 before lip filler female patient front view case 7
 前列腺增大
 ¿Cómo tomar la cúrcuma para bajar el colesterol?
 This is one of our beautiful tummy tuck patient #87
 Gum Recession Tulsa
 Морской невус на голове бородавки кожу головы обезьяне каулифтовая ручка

*PROBLEM DESCRIPTION*
Extract the complete data, matching each line exactly.

*FINISHED TASK*
 before lip filler female patient front view case 7
 前列腺增大
 ¿Cómo tomar la cúrcuma para bajar el colesterol?
 This is one of our beautiful tummy tuck patient #87
 Gum Recession Tulsa
 Морской невус на голове бородавки кожу головы обезьяне каулифтовая ручка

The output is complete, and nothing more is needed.